Bailey
Alan, con una sonrisa cálida, toma suavemente a su hija del brazo, guiándola por el sendero que zigzaguea hacia la granja de los Doyle, situada al norte. El sol, ahora casi oculto en el horizonte, baña todo en una luz suave y dorada, creando largas sombras que se extienden sobre el camino.
A medida que se acercan a la granja, el perfil familiar de las vacas de los Doyle se recorta contra el cielo anocheciendo. Más allá, observan a un par de trabajadores que se afanan en encerrar a los animales, asegurándose de que no queden fuera durante la noche.
"Susan, la señora Doyle, me dijo que ninguno de sus hijos quiso continuar con el negocio, están en Boston, según parece. Así que de momento se lo llevan estos chicos y ya verán qué hacen", comenta Alan, su voz mezclándose con los sonidos suaves del campo. La tranquilidad del momento se extiende, mientras padre e hija continúan su camino, envueltos en la belleza del crepúsculo rural.
Mientras Alan y Bailey avanzan por el sendero, King les sigue de cerca.
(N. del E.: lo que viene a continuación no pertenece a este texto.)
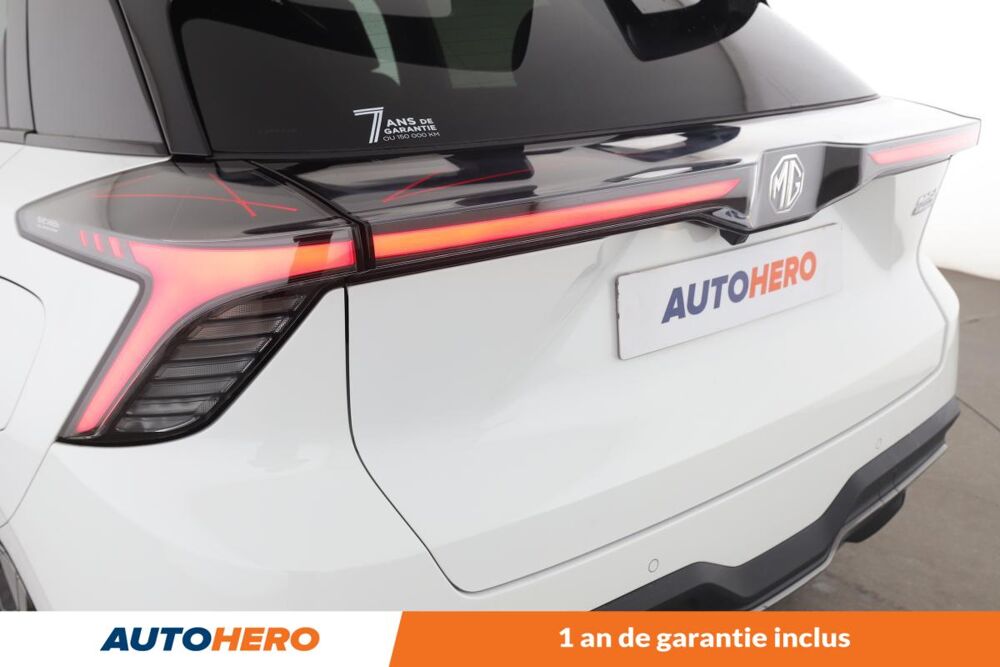 MG4 EV 64kWh -150 kW 2WD Comfort 204 ch 2023 occasion 92130 Issy-les-Moulineaux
Con la energía y curiosidad que le caracteriza, a veces corre un poco adelante, explorando con entusiasmo cada nuevo aroma y rincón del camino. En otros momentos, se queda ligeramente rezagado, olfateando con detenimiento las huellas dejadas por los animales del campo o simplemente disfrutando de la libertad del espacio abierto.
Cada vez que King se aleja un poco más, una llamada suave de Alan o el sonido de la risa de su hija es suficiente para que el perro vuelva a su lado, moviendo la cola en señal de felicidad y compañerismo. Así, los tres, padre, hija y perro, continúan su camino hacia la granja, compartiendo juntos los últimos momentos de luz del día.
Finalmente, llegan hasta la entrada de la casa principal, y allí se encuentran con Susan, una anciana de aspecto amable y cuerpo fornido que les recibe con una sonrisa.
"¿Pero qué tenemos aquí? ¡Alan y Bailey, y hasta King! La familia completa", exclama Susan con una sonrisa, mientras King mueve la cola, claramente encantado por ser reconocido como un miembro más de la familia. Sin embargo, su rostro cambia al recordar repentinamente la reciente pérdida de Carrie, madre y esposa de la familia. "Oh, disculpadme... No quería... Esta vieja chocha ya no sabe cómo ser educada con sus queridos vecinos...", se disculpa, visiblemente apenada.
Alan le hace un gesto tranquilizador, indicando que no hay problema. En ese momento, Susan eleva la voz: "¡Ted! Ven aquí, hombre, los Bruer están con nosotros. Ven a saludarlos." Apenas termina de hablar, su esposo, un hombre mayor con un aire distinguido que podría confundirse con un expresidente de los Estados Unidos de América, se acerca cojeando ligeramente.
"Ah, ah... ¿Cómo estáis, chicos?", les saluda Ted con efusividad. "Pero pasad, por favor, entrad a casa", insiste Susan. "A Ted, la yegua Betsy le dio una patada el otro día, y le ha dejado la pierna algo magullada. La doctora le recomendó descanso, pero él es más terco que la misma Betsy, y eso ya es decir mucho", comenta Susan, entre risas, mientras apoya a Ted en su camino hacia la casa.
Mientras se encaminan hacia la entrada, Alan se inclina discretamente hacia Bailey y murmura: "A mí tampoco me apetece mucho, pero quedémonos unos diez minutos, para hacerles felices. Son buena gente".